Laurel slammed the door of her twelve-year-old Altima, considering Charlie’s advice as she pulled her seat belt across her torso. Drive Carefully, she thought, turning the words into initials. It was something she often did to settle herself, playing a game where she tried to think of famous people to match the letters. DC=Don Cheadle, Dana Carvey, Diahann Carroll.

Calmer, she realized Charlie was right — she didn’t need to tear out of the lot. Reaching the hospital two minutes faster was not going to make a difference. Because realistically, she thought as the bulge in her throat swelled and tightened, Doug was probably already dead. She could almost feel it in her bones. He was gone, the life snuffed from his body. That was why she had been summoned. The hospital probably had a policy against giving next of kin the news over the phone.

Once she got there, she would be pulled into a private room by a doctor and a social worker. They would tell her they did everything they could, and ask if there was anyone they could call for her. She thought about her mother, elderly and detached, who would be no help at all. Then, of course, there was Doug’s sister, Abby, who was just the opposite. She would want to push in and take over.

Laurel bristled at the thought as her salty tears began to dry on her face, contracting the skin on her cheeks. Abby. God, she was annoying. The woman had an answer for everything. And usually, it was wrong. Maybe Laurel wouldn’t call her right away.

But no, Abby could be helpful if she stayed in her damned lane. Laurel would just have to be strong, assertive. She would give Abby a list of people to call. That would make her feel useful and important. Keep her out of Laurel’s hair.

And then, well, Laurel would have to make the most difficult call of all — to her son, Evan, who lived on the West Coast and was expecting his first child. He’d want to fly to Long Island for the funeral, but what about his wife, Samara? She was having a difficult pregnancy and might not be allowed to fly. Maybe Evan wouldn’t even feel comfortable leaving her.

It was painful to consider, and Laurel shook her head. She was making this too complicated. Of course they would both come to the funeral.

The thought of seeing them lightened her heart. She’d been depressed about not being able to fly out there for the birth of their child. Money was just so tight, with Doug still out of work. And he had insisted it was foolish for them to get any further in the hole on their credit cards. But now…now she’d be free to buy a ticket without getting into a fight about it. At least there was that. She would finally get her wish of being there for the birth of her first grandchild, to hell with credit card debt.

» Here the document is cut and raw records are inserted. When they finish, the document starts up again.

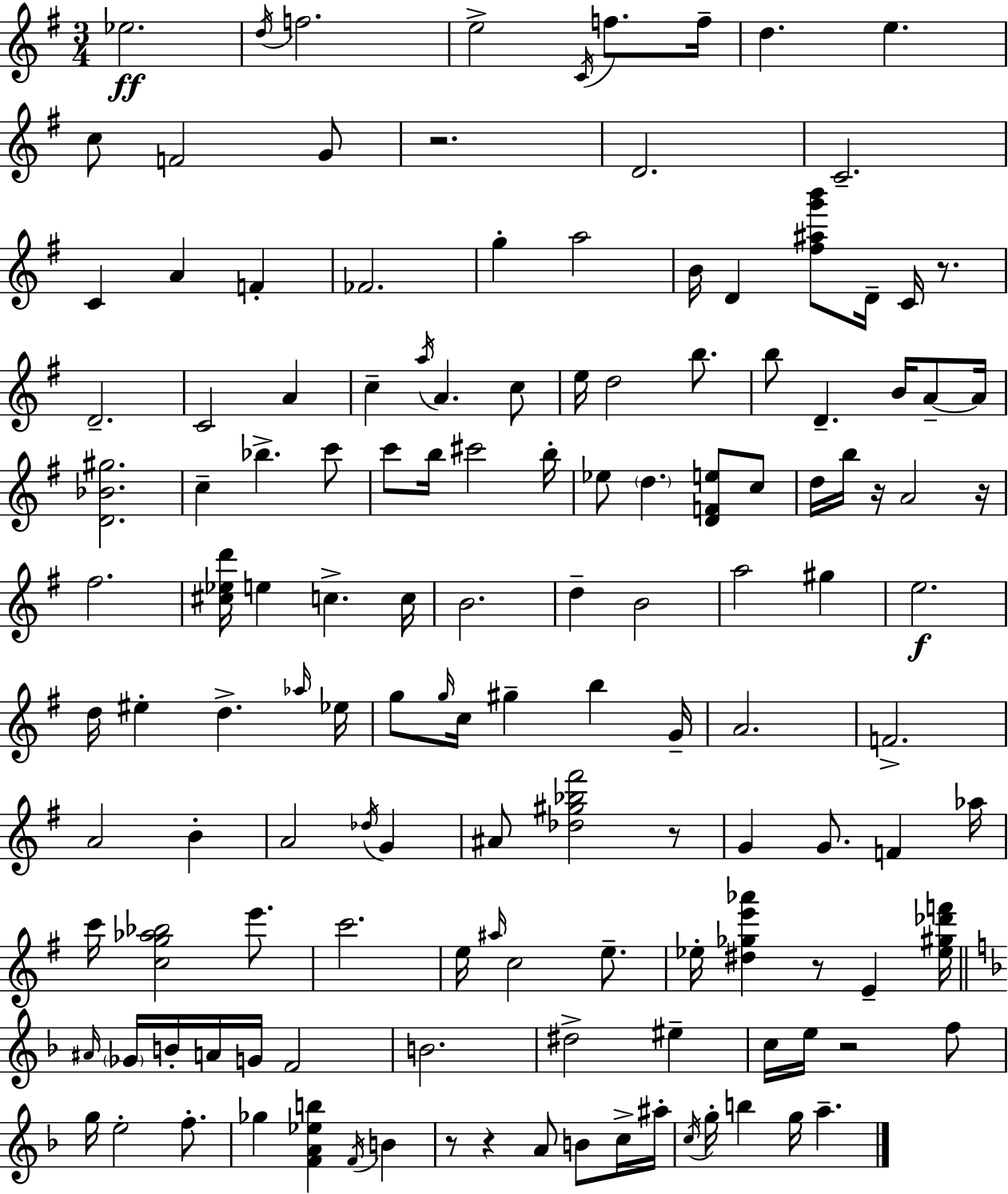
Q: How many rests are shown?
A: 9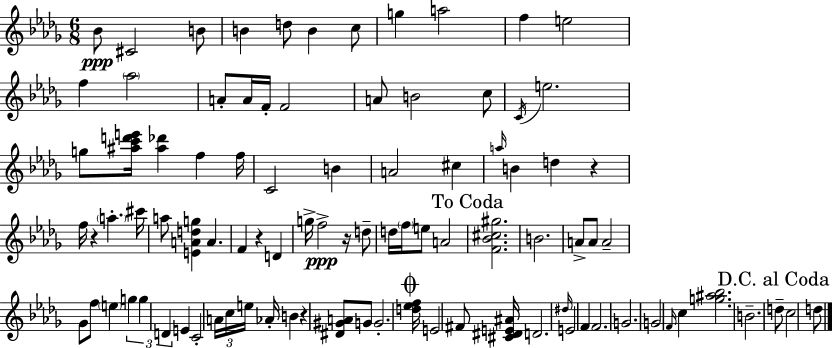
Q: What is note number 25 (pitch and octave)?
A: F5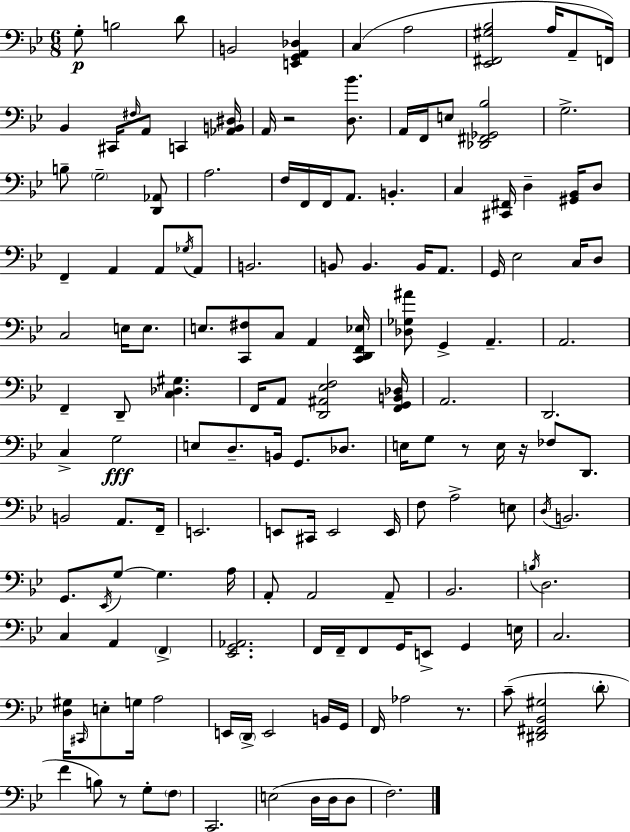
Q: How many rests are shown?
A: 5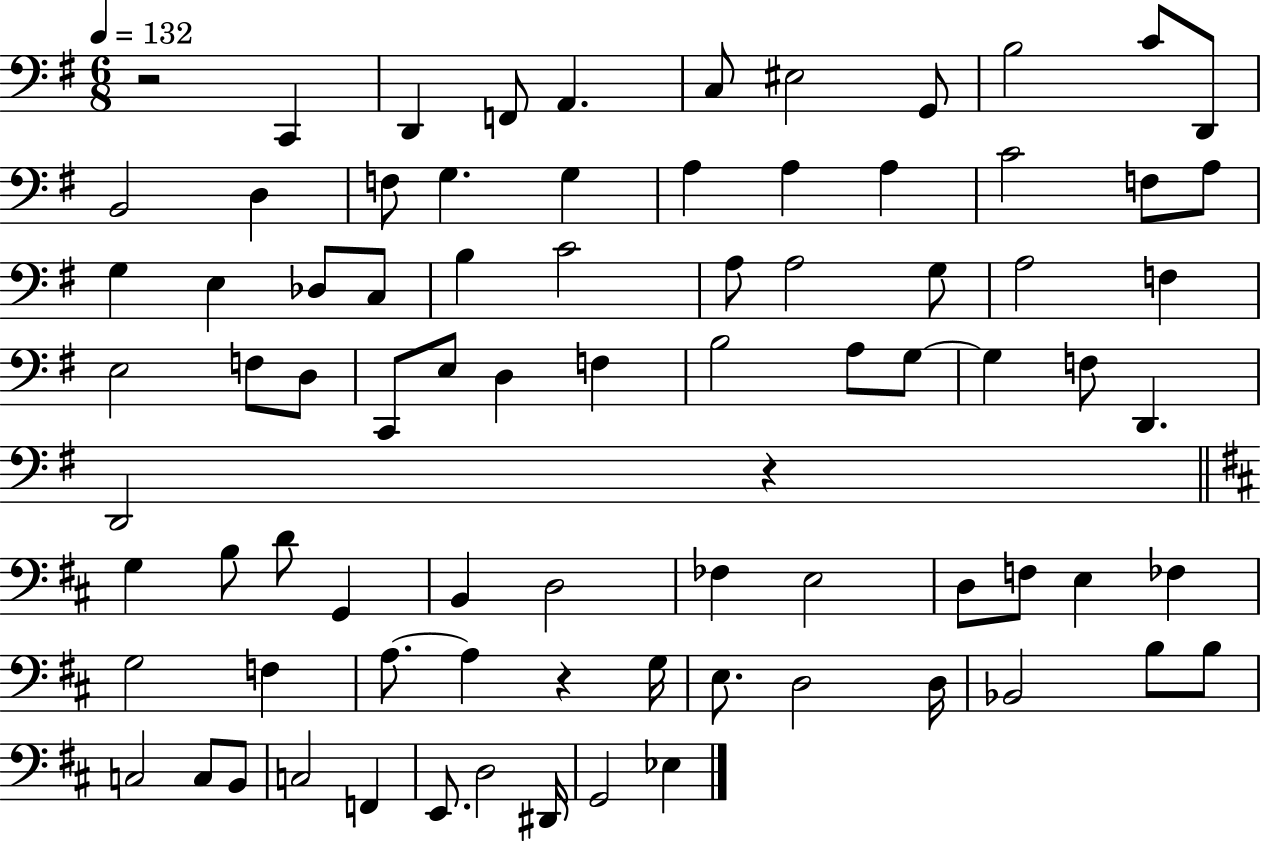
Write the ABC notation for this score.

X:1
T:Untitled
M:6/8
L:1/4
K:G
z2 C,, D,, F,,/2 A,, C,/2 ^E,2 G,,/2 B,2 C/2 D,,/2 B,,2 D, F,/2 G, G, A, A, A, C2 F,/2 A,/2 G, E, _D,/2 C,/2 B, C2 A,/2 A,2 G,/2 A,2 F, E,2 F,/2 D,/2 C,,/2 E,/2 D, F, B,2 A,/2 G,/2 G, F,/2 D,, D,,2 z G, B,/2 D/2 G,, B,, D,2 _F, E,2 D,/2 F,/2 E, _F, G,2 F, A,/2 A, z G,/4 E,/2 D,2 D,/4 _B,,2 B,/2 B,/2 C,2 C,/2 B,,/2 C,2 F,, E,,/2 D,2 ^D,,/4 G,,2 _E,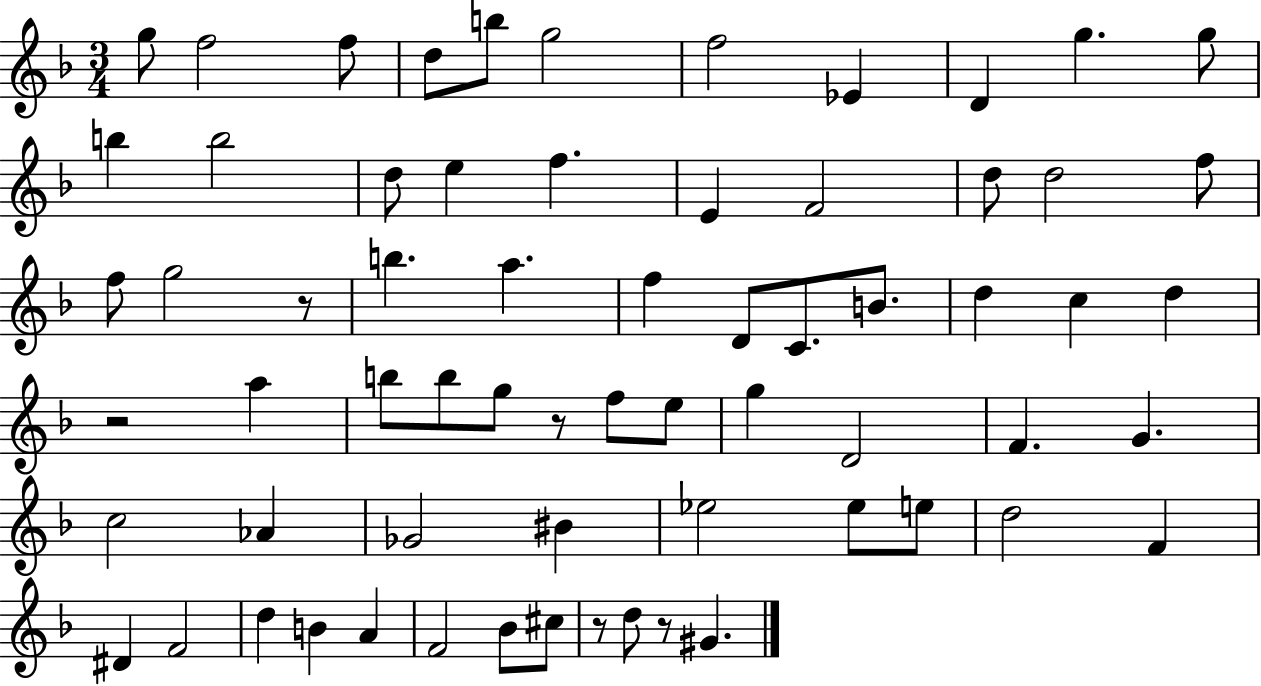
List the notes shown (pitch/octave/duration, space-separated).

G5/e F5/h F5/e D5/e B5/e G5/h F5/h Eb4/q D4/q G5/q. G5/e B5/q B5/h D5/e E5/q F5/q. E4/q F4/h D5/e D5/h F5/e F5/e G5/h R/e B5/q. A5/q. F5/q D4/e C4/e. B4/e. D5/q C5/q D5/q R/h A5/q B5/e B5/e G5/e R/e F5/e E5/e G5/q D4/h F4/q. G4/q. C5/h Ab4/q Gb4/h BIS4/q Eb5/h Eb5/e E5/e D5/h F4/q D#4/q F4/h D5/q B4/q A4/q F4/h Bb4/e C#5/e R/e D5/e R/e G#4/q.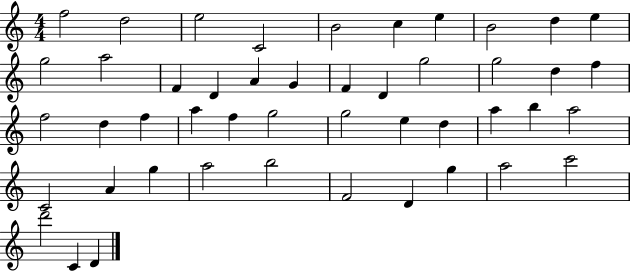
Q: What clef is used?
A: treble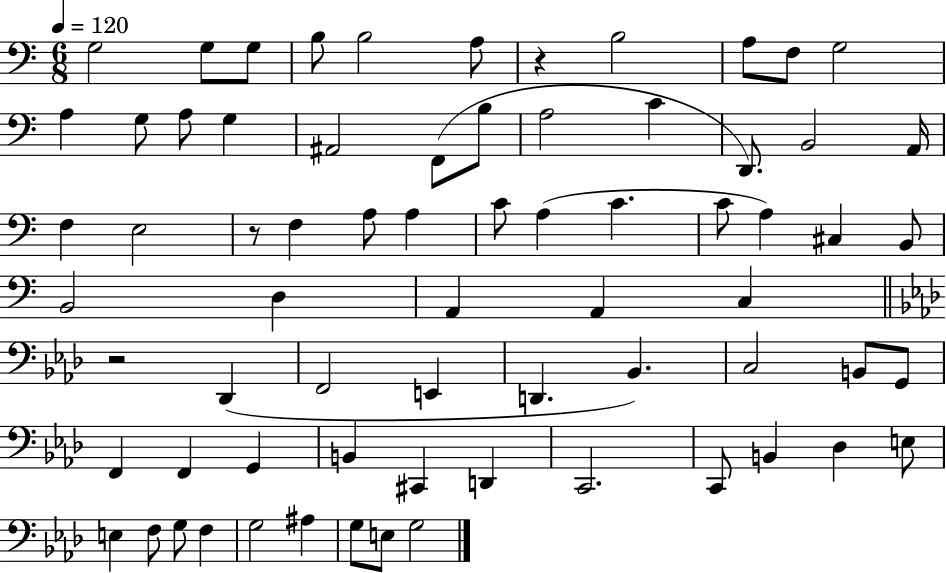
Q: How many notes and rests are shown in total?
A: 70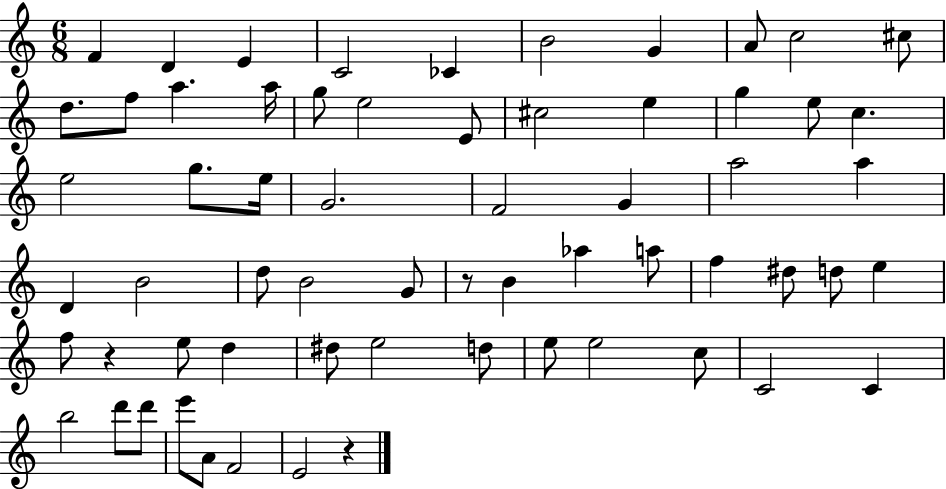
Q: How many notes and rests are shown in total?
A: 63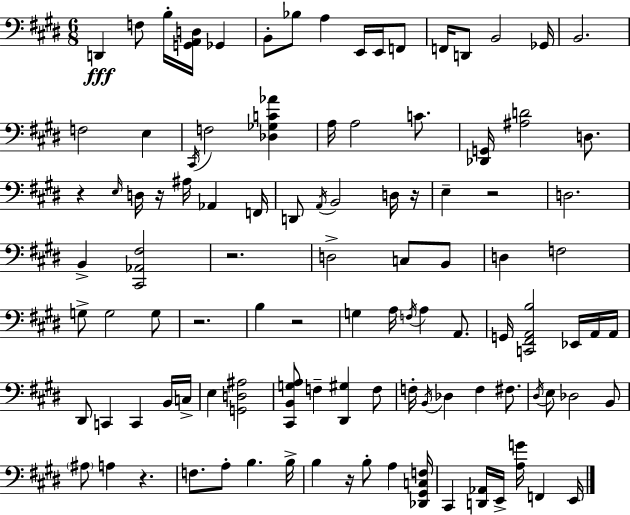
D2/q F3/e B3/s [G2,A2,D3]/s Gb2/q B2/e Bb3/e A3/q E2/s E2/s F2/e F2/s D2/e B2/h Gb2/s B2/h. F3/h E3/q C#2/s F3/h [Db3,Gb3,C4,Ab4]/q A3/s A3/h C4/e. [Db2,G2]/s [A#3,D4]/h D3/e. R/q E3/s D3/s R/s A#3/s Ab2/q F2/s D2/e A2/s B2/h D3/s R/s E3/q R/h D3/h. B2/q [C#2,Ab2,F#3]/h R/h. D3/h C3/e B2/e D3/q F3/h G3/e G3/h G3/e R/h. B3/q R/h G3/q A3/s F3/s A3/q A2/e. G2/s [C2,F#2,A2,B3]/h Eb2/s A2/s A2/s D#2/e C2/q C2/q B2/s C3/s E3/q [G2,D3,A#3]/h [C#2,B2,G3,A3]/e F3/q [D#2,G#3]/q F3/e F3/s B2/s Db3/q F3/q F#3/e. D#3/s E3/e Db3/h B2/e A#3/e A3/q R/q. F3/e. A3/e B3/q. B3/s B3/q R/s B3/e A3/q [Db2,G#2,C3,F3]/s C#2/q [D2,Ab2]/s E2/s [A3,G4]/s F2/q E2/s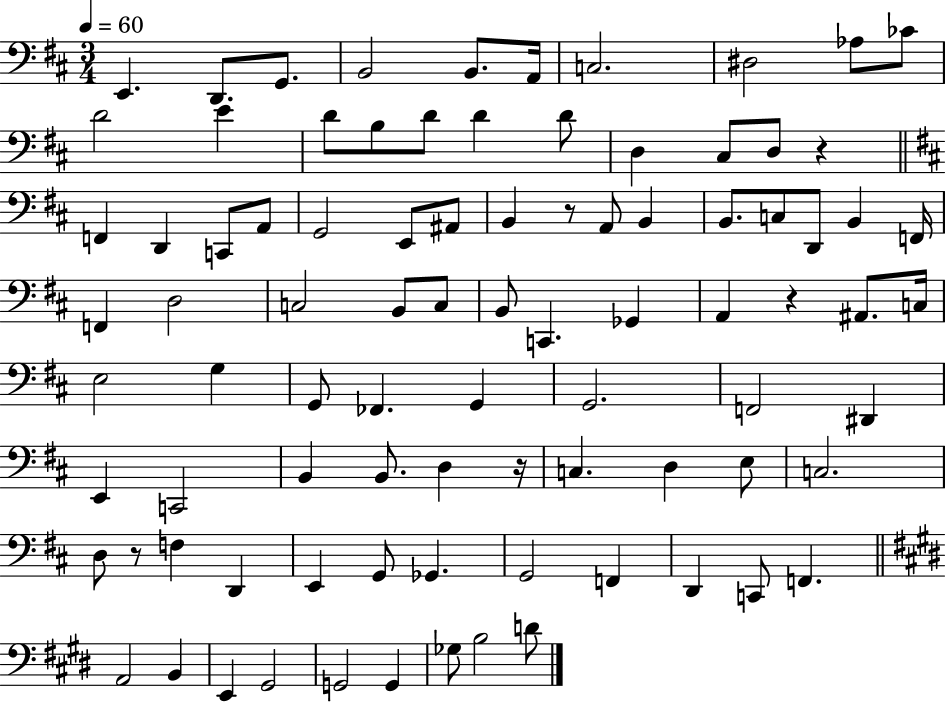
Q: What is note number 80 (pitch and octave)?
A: G2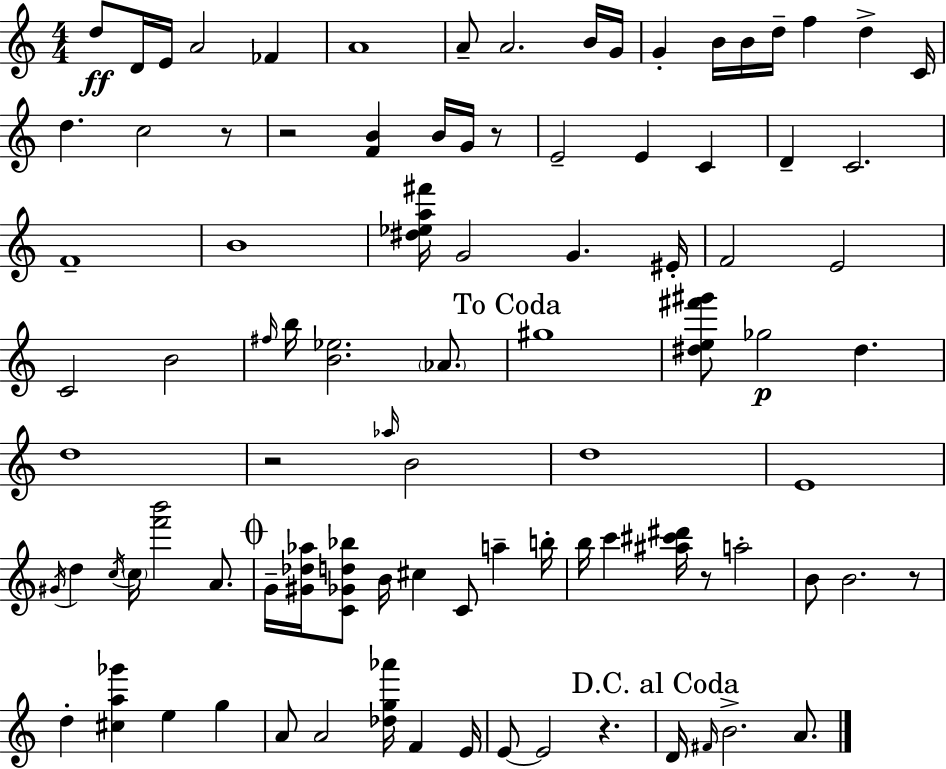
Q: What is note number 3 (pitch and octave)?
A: E4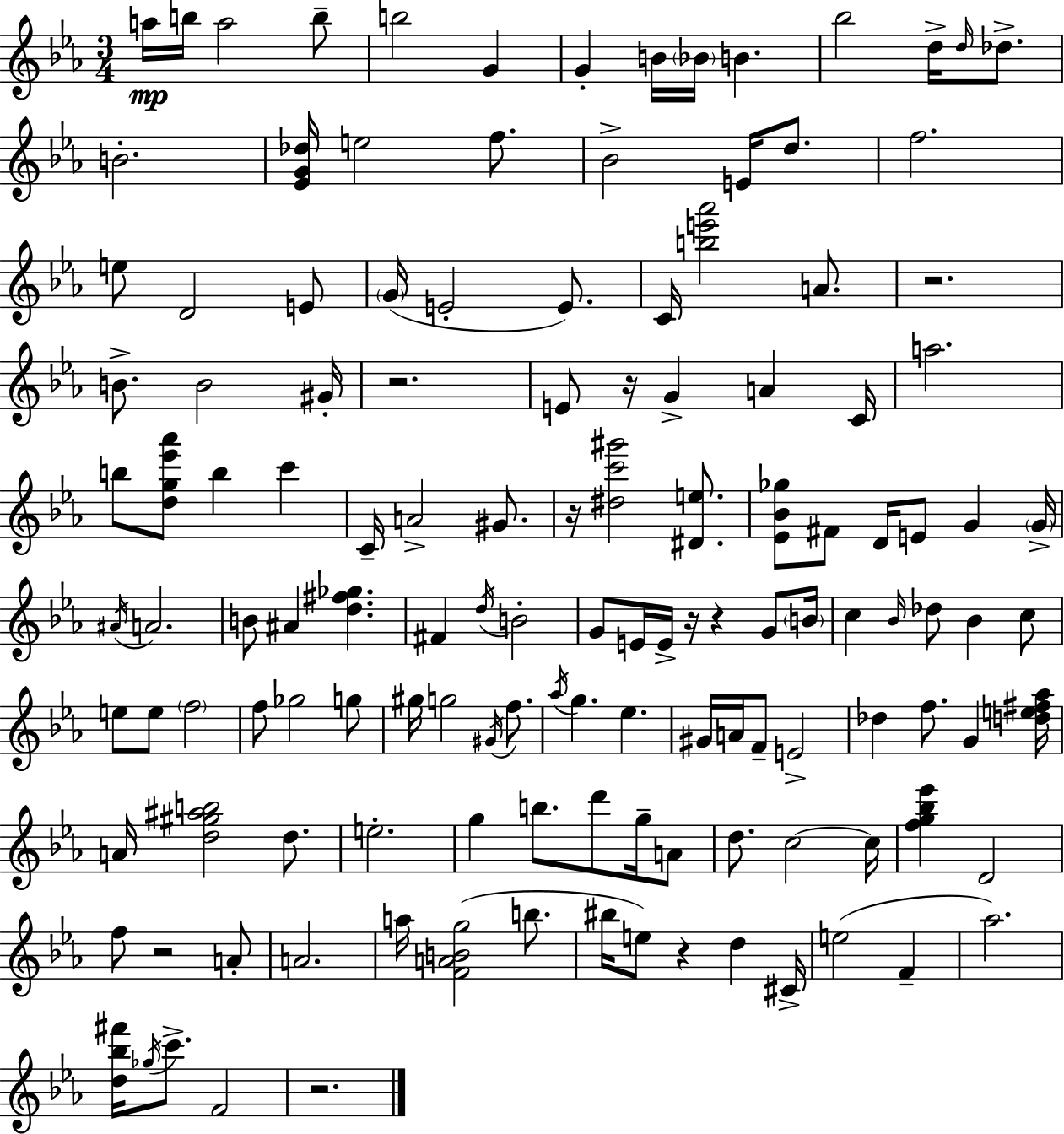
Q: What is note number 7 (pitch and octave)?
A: G4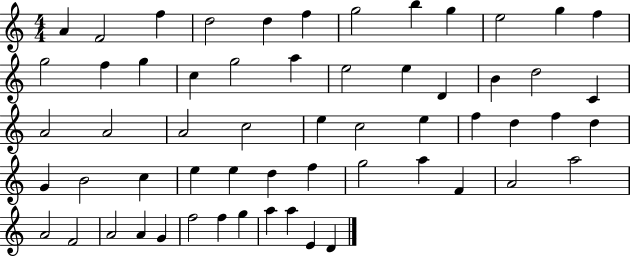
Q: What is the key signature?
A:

And then Laurel had a thought that made her gasp. She hadn’t remembered it until this moment. Doug had a huge life insurance policy — $850,000. So much money! It would solve everything. She’d be able to pay off all the credit cards. She could sell the house, and move to a cute little apartment, all by herself, and live off the savings. My place, she would call it. The decor would be soft and cool, in shades of aquamarine and sand. She imagined getting up in the morning without thinking about making Doug breakfast, setting out his vitamins and medication, picking up his damp towels from the bathroom floor, washing the dishes he left in the sink, swiping his crumbs off the counter. There were always so many damned crumbs. But now, she might even get a little dog. Doug was allergic so she had never been able to, and the thought of it filled her.

Laurel stretched in the seat, thinking how lovely it would be to quit the long shifts at Trader Joe’s and give her aching back a rest. And with no job, she would be able to stay home with a new puppy to train it.

And then there was her mother, who desperately wanted Laurel to spend more time with her. This could be just what their relationship needed. Laurel imagined her mother being so grateful for the extra attention she might even summon the courage to take a break from her vintage doll collection and leave the house. Laurel warmed at the thought, the tension in her throat easing.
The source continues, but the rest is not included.